Quanto à responsabilidade criminal do motorista, acusado pelo crime de homicídio, para ser condenado vai ser necessário demonstrar que o excesso de velocidade foi causa da morte e que esta não teria acontecido se a velocidade máxima fosse respeitada. Como parece evidente, um embate a 120 kms por hora teria tido quase de certeza o mesmo resultado e por isso será necessário provar mais qualquer coisa, do género “o motorista representou a possibilidade de haver pessoas a circular a pé na via e mesmo assim não reduziu a velocidade”. A probabilidade de se vir a provar algo assim é muito fraca, desde logo porque motorista algum representa essa possibilidade em abstrato e todos partem do princípio de que em autoestradas não há peões.
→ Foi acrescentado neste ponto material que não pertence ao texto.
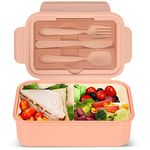 IJIAMY Lunch Box, 1400ml Bento Lunch Box for Adults and Kids, Lunch Container with 3 Compartments, Lunch Box with Cutlery, Dishwasher, BPA Free Sandwich Box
Pior, se o carro onde seguia o ministro estava a ultrapassar um camião era suposto o motorista focar a sua atenção nesse lado da estrada e não no oposto, onde veio a surgir o peão.
E o ministro? Quem vai no banco de trás num desses grandes e potentes carros pretos vai ao telemóvel, ou a ler, ou a dormitar. Não vai a dar instruções ao profissional experiente que segue ao volante. Não lhe diz “siga mais devagar” ou “vá antes na faixa da direita” ou “levante o pé antes das curvas”, assim como o motorista não lhe diz como deve despachar o processo X. O motorista tem autonomia técnica e responsabilidade pessoal. É verdade que o proprietário da viatura, conduzida no seu próprio interesse, tem a chamada direção efetiva do veículo e responde em primeira linha perante os lesados, mas isso não o impede de demandar depois o motorista e, em sede de direito de regresso, reaver deste as indemnizações que tiver pago aos lesados – se estes tiverem direito a elas. Para além disso, essa regra apenas é relevante em processos civis, não em processos criminais: nestes, só é responsabilizado quem vai ao volante e os passageiros só o serão, na prática, se tiverem coagido o motorista a provocar o acidente.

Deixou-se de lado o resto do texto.